基于正则互表示的无监督特征选择方法

doi:10.11772/j.issn.1001-9081.2019122075

计算机应用 ›› 2020, Vol. 40 ›› Issue (7): 1896-1900.DOI: 10.11772/j.issn.1001-9081.2019122075

基于正则互表示的无监督特征选择方法

汪志远, 降爱莲, 奥斯曼·穆罕默德

太原理工大学信息与计算机学院, 山西晋中 030600

收稿日期:2019-12-09 修回日期:2020-02-24 发布日期:2020-03-26 出版日期:2020-07-10
通讯作者: 降爱莲
作者简介:汪志远(1992-),男,安徽宿州人,硕士研究生,主要研究方向:机器学习、特征选择;降爱莲(1969-),女,山西太原人,副教授,博士,CCF会员,主要研究方向:人工智能、大数据、特征选择、计算机视觉;奥斯曼·穆罕默德(1993-),男,埃塞俄比亚人,硕士研究生,主要研究方向:深度学习、图像处理。
基金资助:
山西省回国留学人员科研资助项目（2017-051）。

Unsupervised feature selection method based on regularized mutual representation

WANG Zhiyuan, JIANG Ailian, MUHAMMAD Osman

College of Information and Computer, Taiyuan University of Technology, Jinzhong Shanxi 030600, China

Received:2019-12-09 Revised:2020-02-24 Online:2020-03-26 Published:2020-07-10
Supported by:
This work is partially supported by the Research Project of Shanxi Scholarship Council of China (2017-051).

摘要/Abstract

摘要： 针对高维数据含有的冗余特征影响机器学习训练效率和泛化能力的问题，为提升模式识别准确率、降低计算复杂度，提出了一种基于正则互表示（RMR）性质的无监督特征选择方法。首先，利用特征之间的相关性，建立由Frobenius范数约束的无监督特征选择数学模型；然后，设计分治-岭回归优化算法对模型进行快速优化；最后，根据模型最优解综合评估每个特征的重要性，选出原始数据中具有代表性的特征子集。在聚类准确率指标上，RMR方法与Laplacian方法相比提升了7个百分点，与非负判别特征选择（NDFS）方法相比提升了7个百分点，与正则自表示（RSR）方法相比提升了6个百分点，与自表示特征选择（SR_FS）方法相比提升了3个百分点；在数据冗余率指标上，RMR方法与Laplacian方法相比降低了10个百分点，与NDFS方法相比降低了7个百分点，与RSR方法相比降低了3个百分点，与SR_FS方法相比降低了2个百分点。实验结果表明，RMR方法能够有效地选出重要特征，降低数据冗余率，提升样本聚类准确率。

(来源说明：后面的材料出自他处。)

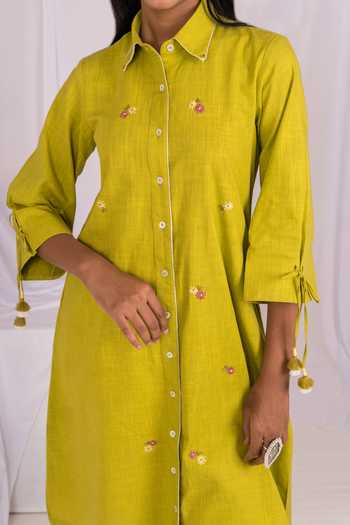 Buy_Mushio_Green Linen, Silk, Cotton Collared Neck Hand Embroidered Kurta And Pant Set 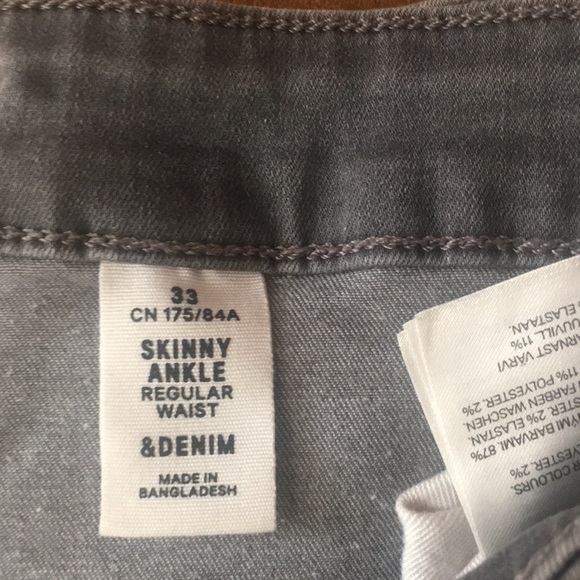 Jeans - Picture 2 of 3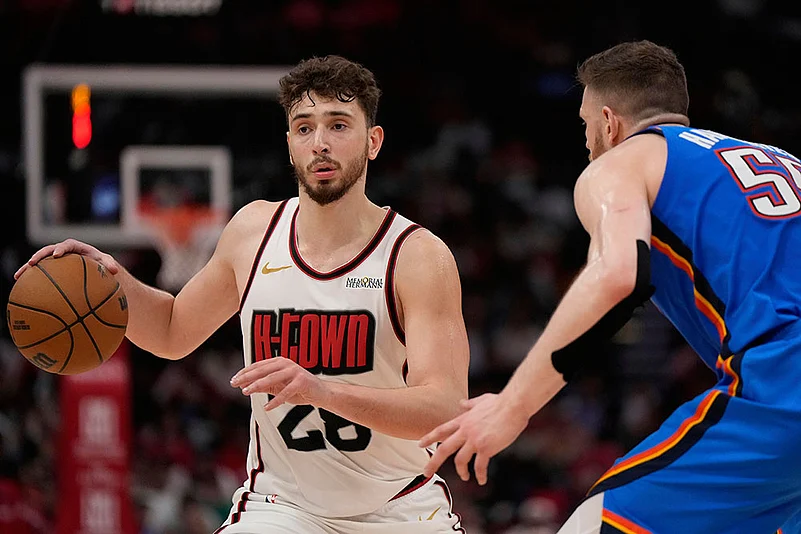 NBA Basketball: Oklahoma City Thunder vs Houston Rockets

关键词: 特征选择, 无监督学习, 分治算法, 岭回归, 正则化

Abstract: The redundant features of high-dimensional data affect the training efficiency and generalization ability of machine learning. In order to improve the accuracy of pattern recognition and reduce the computational complexity, an unsupervised feature selection method based on Regularized Mutual Representation (RMR) property was proposed. Firstly, the correlations between features were utilized to establish a mathematical model for unsupervised feature selection constrained by Frobenius norm. Then, a divide-and-conquer ridge regression optimization algorithm was designed to quickly optimize the model. Finally, the importances of the features were jointly evaluated according to the optimal solution to the model, and a representative feature subset was selected from the original data. On the clustering accuracy, RMR method is improved by 7 percentage points compared with the Laplacian method, improved by 7 percentage points compared with the Nonnegative Discriminative Feature Selection (NDFS) method, improved by 6 percentage points compared with the Regularized Self-Representation (RSR) method, and improved by 3 percentage points compared with the Self-Representation Feature Selection (SR_FS) method. On the redundancy rate, RMR method is reduced by 10 percentage points compared with the Laplacian method, reduced by 7 percentage points compared with the NDFS method, reduced by 3 percentage points compared with the RSR method, and reduced by 2 percentage points compared with the SR_FS method. The experimental results show that RMR method can effectively select important features, reduce redundancy rate of data and improve clustering accuracy of samples.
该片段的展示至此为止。